BGE rate solution could aid Allegheny Energy customers

May 18, 2006

All those living in areas served by Allegheny Energy should pay close attention to attempts by Maryland legislative leaders to deal with power increases planned by Baltimore Gas and Electric Co.

Come 2008, when Allegheny's residential rate cap is lifted, local residents will certainly face higher costs for electricity. How the BGE issue is resolved will probably provide the blueprint for any action taken to persuade Allegheny not to charge as much as it could for power.

After BGE announced rate increases that would average 72 percent for its 1.1 million residential customers, House Speaker Michael Busch and Senate President Thomas V. Mike Miller began looking into the matter.

They claim they have gotten little cooperation from BGE officials, who have been asked for information that would justify the size of the increase.


This week the two lawmakers told The Associated Press that they might use the legislature's subpoena power to get the information they say they need.

The facts they seek include the price BGE will pay its parent company, Constellation Energy Group, and how much executives of both companies might get if Constellation's proposed merger with the FPL Group of Florida goes through.

Busch and Miller also fault the state's Public Service Commission, which they say should have demanded information from BGE.

The PSC will hold hearings on the proposed merger in July, the same month that the rate cap comes off for BGE.

Could the PSC have done more? Perhaps, if the legislature had been paying attention.

Electricity deregulation passed in 1999, with the utilities involved agreeing to rate caps as the price of getting the legislation passed.

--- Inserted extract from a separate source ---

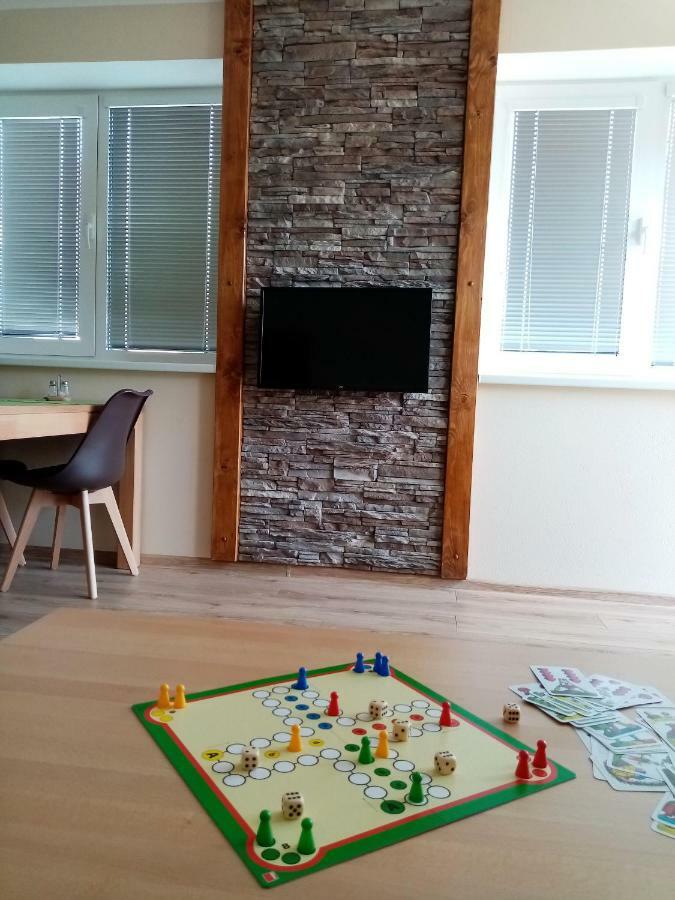 Apartamento Elejan Bešeňová Exterior foto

The cap for Allegheny's commercial customers came off in January. Eastalco in Frederick, Md., closed, laying off more than 500 workers when it could not find more affordable power. Others, such as Mack Trucks, were able to make bulk power purchases.

Re-regulating Maryland's power utilities would be difficult, since part of the 1999 legislation required them to divest themselves of their generating plants.

Will the generating companies now poised to get higher returns be willing to accept less? Could Maryland legally force re-regulation just because state lawmakers are having "buyer's remorse" seven years later?

How lawmakers and BGE answer those questions might help forestall problems here.